*Work order:* Output the lines of the records below exactly, beginning at their first line and ending at the line with "African American young"; include no pictures.

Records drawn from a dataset

⟨

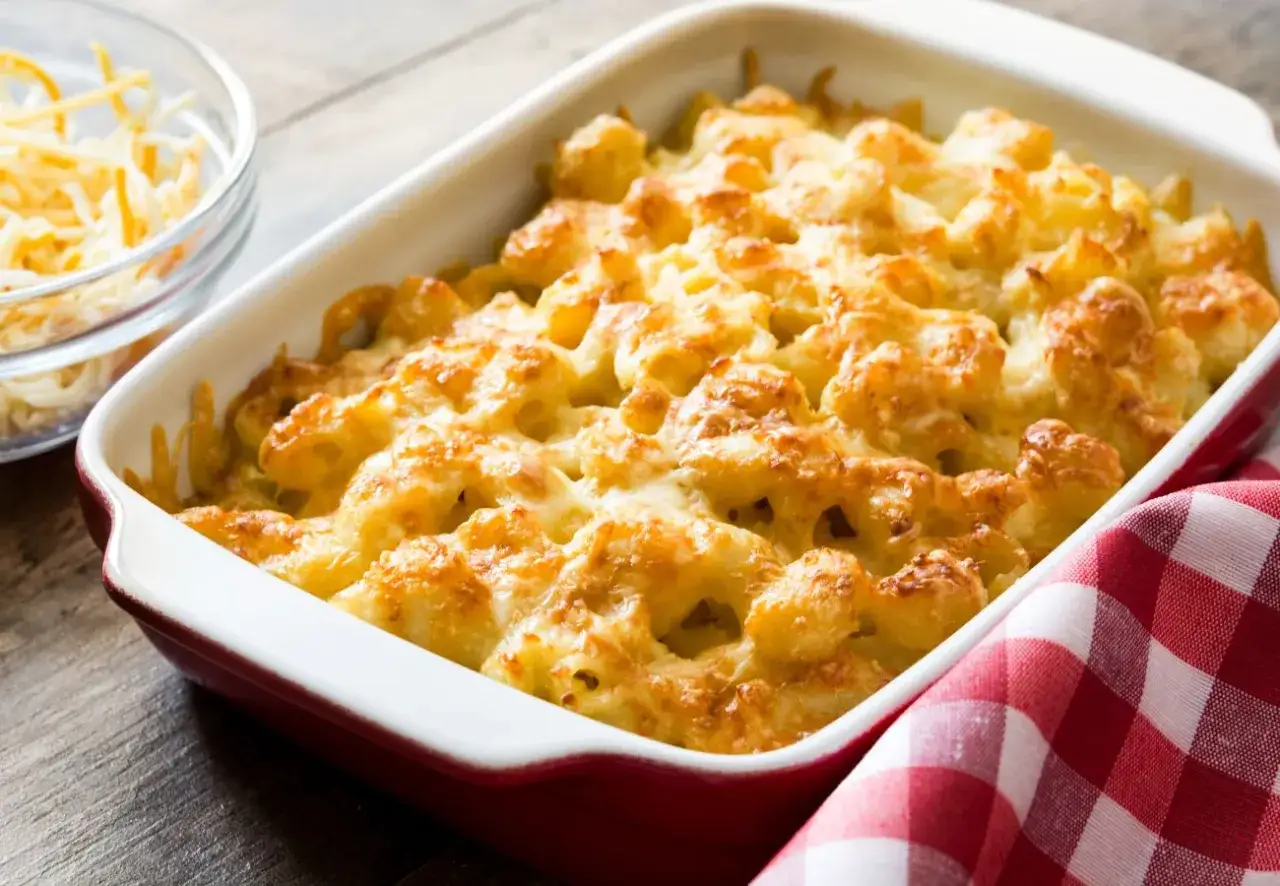 Macarrones con queso recién horneados, dorados y burbujeantes en una fuente roja. Un tazón de queso rallado al lado.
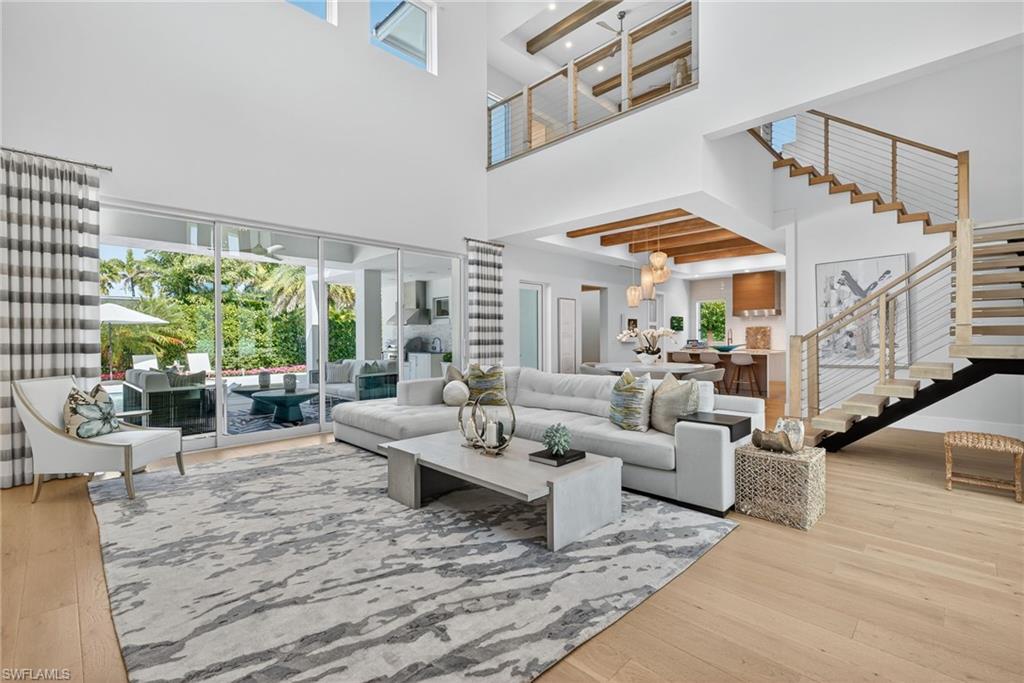 405 7th Avenue North Naples, FL 34102 - Photo 6 of 50 a living room with fireplace furniture and a large window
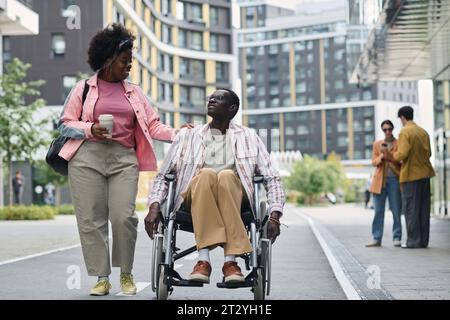 African American young couple walking together in the city Stock Photo
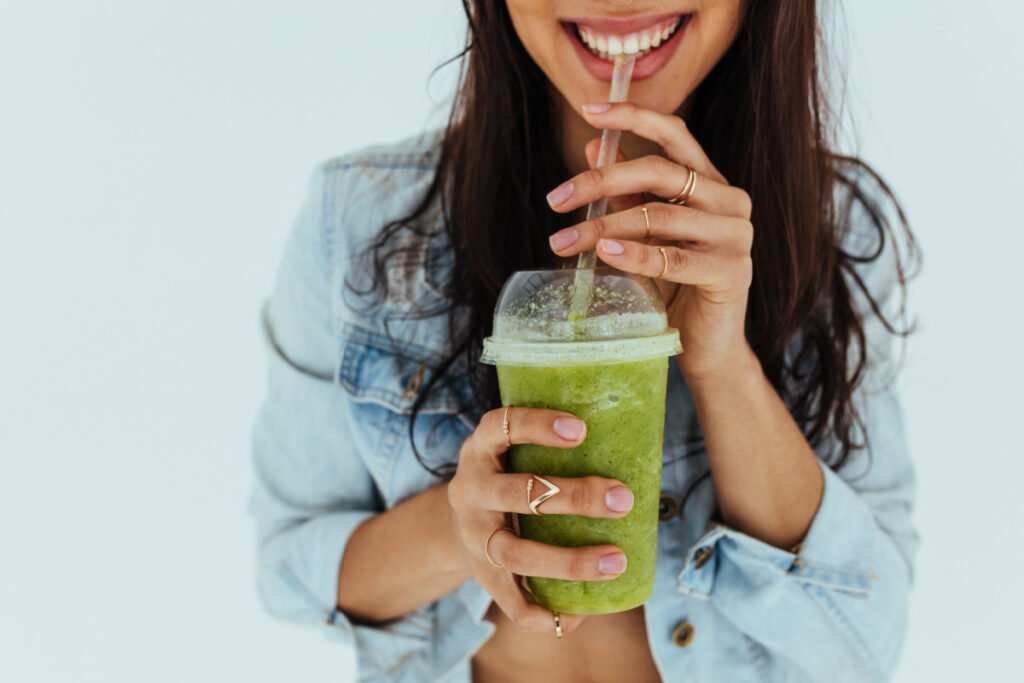 Woman smiling and drinking healthy green juice from local Boston wellness business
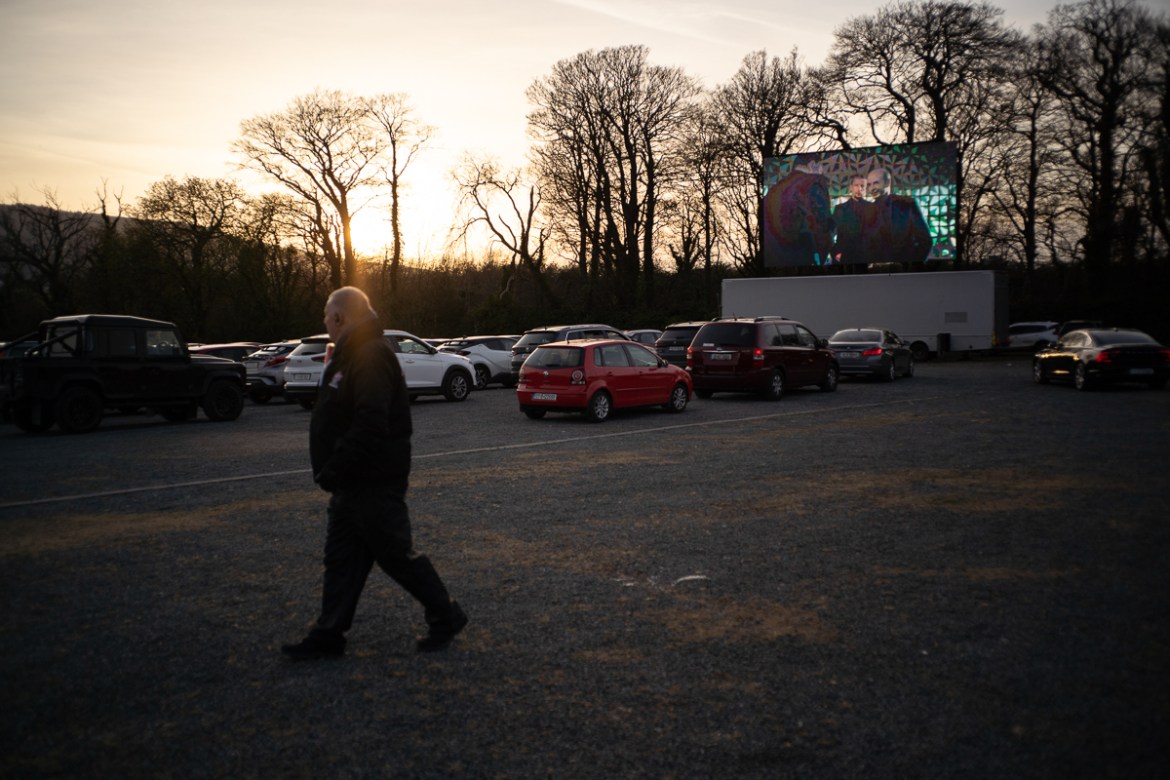 Although a few choose to briefly exit their cars, staff at Retro Drive-In Movies stay vigilant making sure people maintain a safe social distance. Dublin, Ireland - March 24, 2020.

⟩

*Solution to this task:*
 Macarrones con queso recién horneados, dorados y burbujeantes en una fuente roja. Un tazón de queso rallado al lado.
 405 7th Avenue North Naples, FL 34102 - Photo 6 of 50 a living room with fireplace furniture and a large window
 African American young couple walking together in the city Stock Photo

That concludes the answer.